Photography by Alise O’Brien

“In the kitchen, we kept most of the cabinets, but my brothers, who were in construction, put in a travertine tile backsplash and installed drawers in the bottom cabinets—which I always recommend as people get older.”

Lynn, who owns Lynn Eastin Interiors in St. Louis, set her designing skills into high gear to bring light to the rest of their house. “We had floor-to-ceiling windows in our old house,” she says. “I wanted to bring that same airy feel into our new home.”

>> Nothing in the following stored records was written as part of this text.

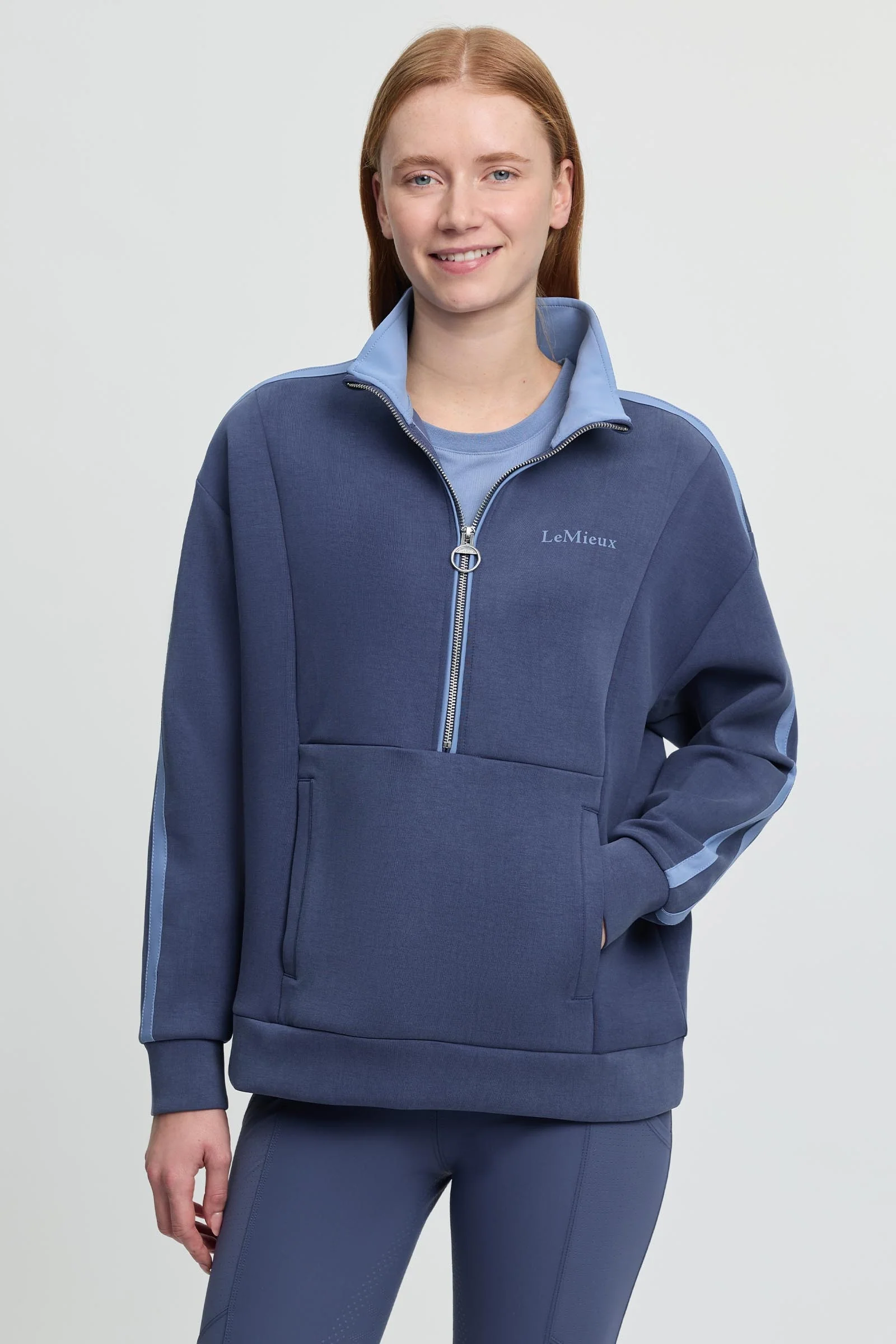 Connie Women's Half Zip Sweat Navy 10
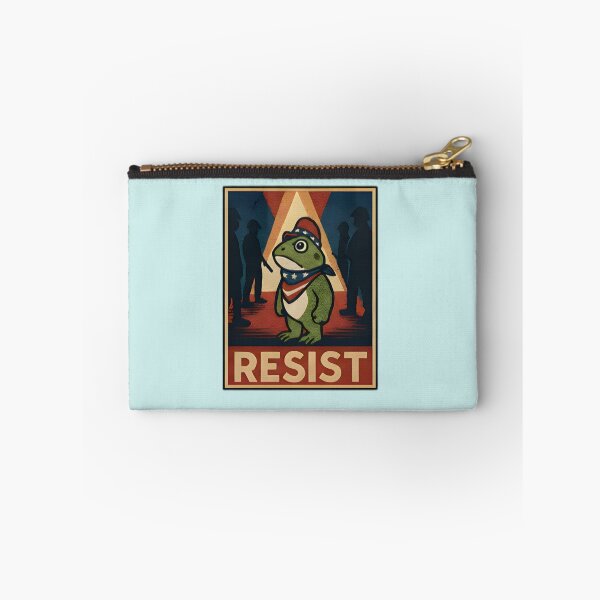 Item preview, Portland Frog Resist retro protest design patriotic humor art independence day activist frog designed and sold by Foro-Chance.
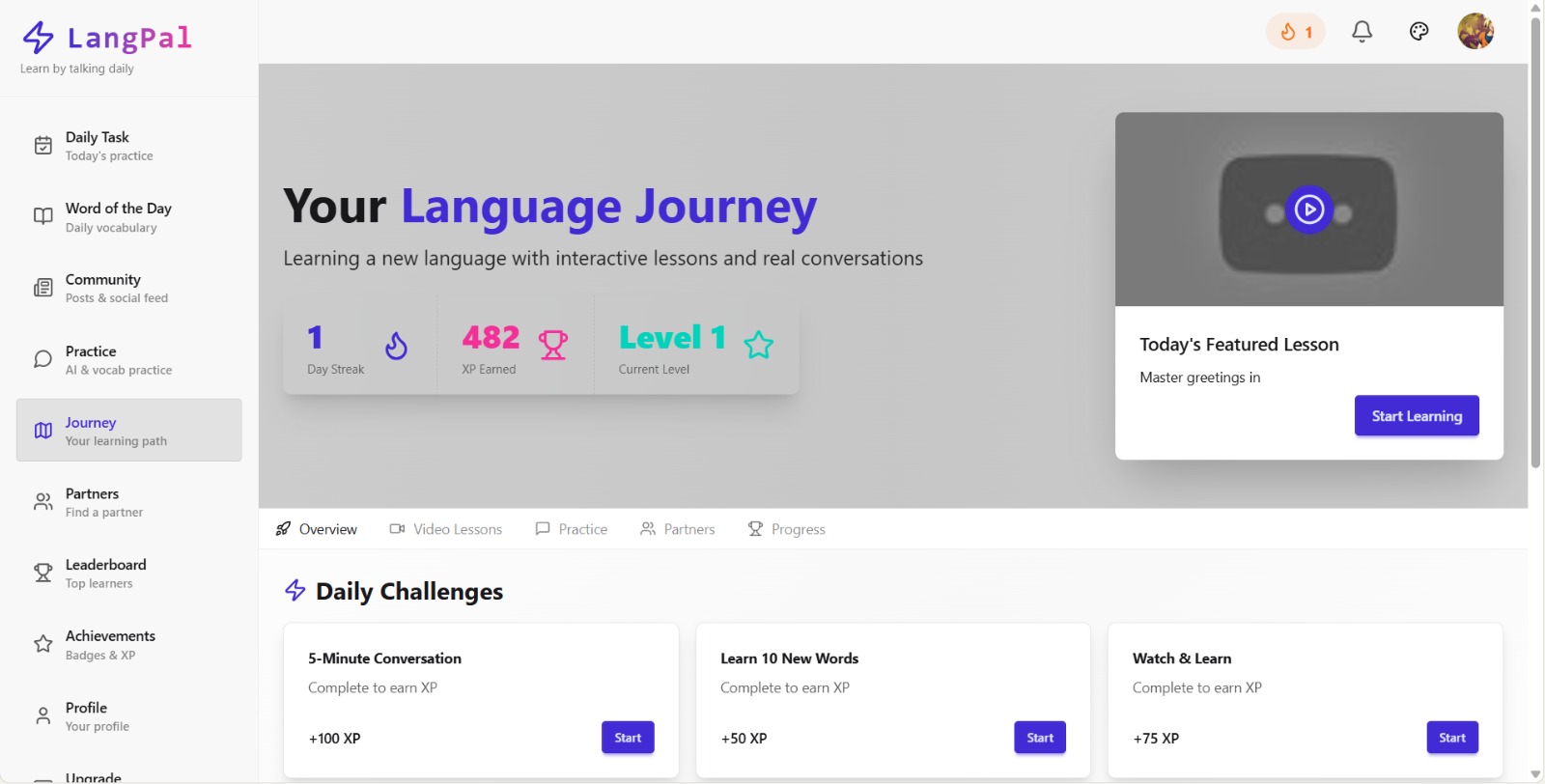 Social Platform - Screenshot 3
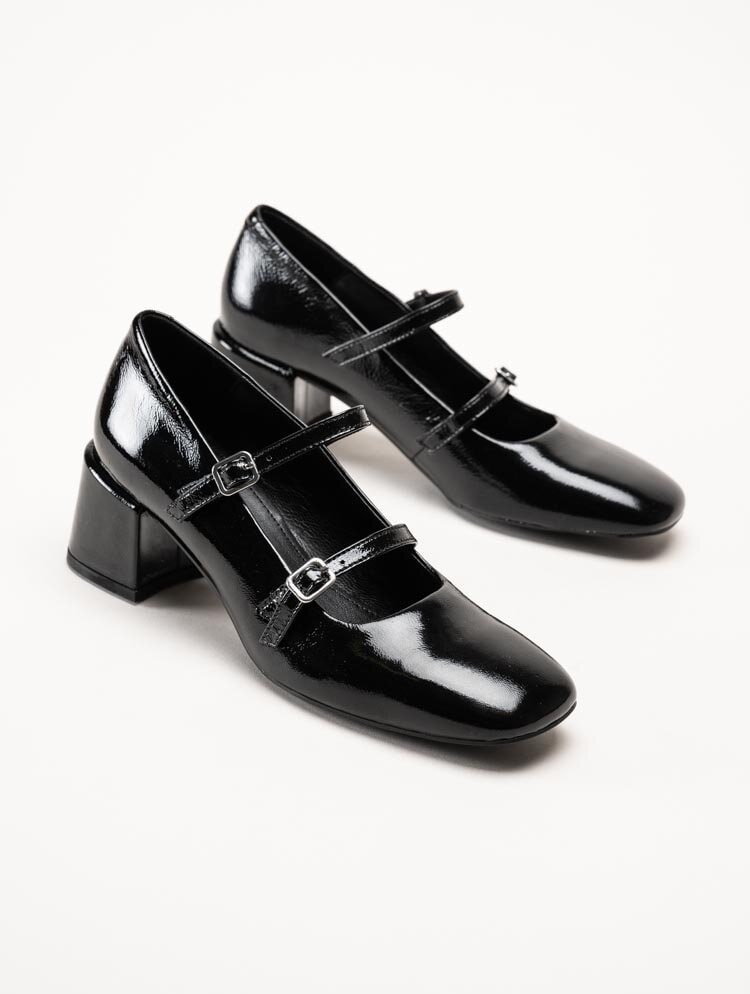 Vagabond - Adison - Svarta pumps i lackskinn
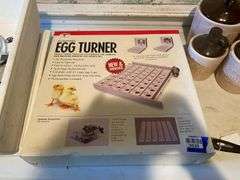 Quail egg incubator and turner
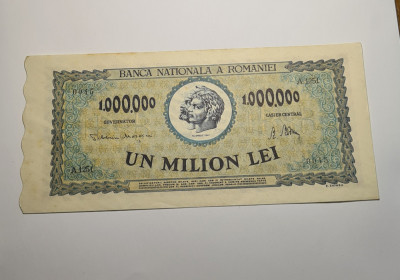 1000000 lei 1947 UNC foto
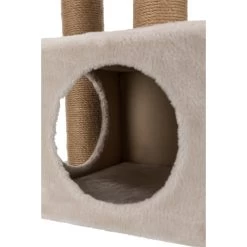 TRIXIE Valencia 28-in Plush Cat Tree & Scratching Post With Condo & Cat Toy -Cat Products Store 204179 PT4. AC SS1800 V1570558978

Photography by Alise O’Brien


Lynn’s continued use of white and light-colored fabrics lends the bedroom a tranquil and inviting atmosphere. The bed skirt, made from a neutral drapery fabric that allowed Lynn to create luxurious pleats and folds, makes the bed the focal point of the room.

living room
Photography by Alise O’Brien

To bring balance to the wood ceiling in the living room and dining area, Lynn had the walls painted a pale, washed, gray–green that allows the darker colors in the room pop. She used neutral furniture and natural textures, plenty of lamps, and lots of reflective surfaces, like the antique mirror-topped coffee table. Then she brought in a few dark accents to bring the color of the ceiling down into the room.

Although the couple enjoys their proximity to downtown Clayton, Missouri, they like to entertain at home. A unique secretary with a hand-painted Chippendale pattern has been converted into a bar. “When we entertain,” Lynn explains, “we drop the front panel to use it as a serving station.”

office seating
Photography by Alise O’Brien

Lynn updates their home by periodically changing out art, lamps, pillows, and even the occasional chair. She explains the arrangement of the furniture stays the same since the shapes of the rooms dictate the configuration.

One thing the couple was apprehensive about when they bought their lovely cottage was that they were used to living in a wooded area. “There was no reason to worry,” Lynn says. “The architectural charm was an absolute trade-off, visually.”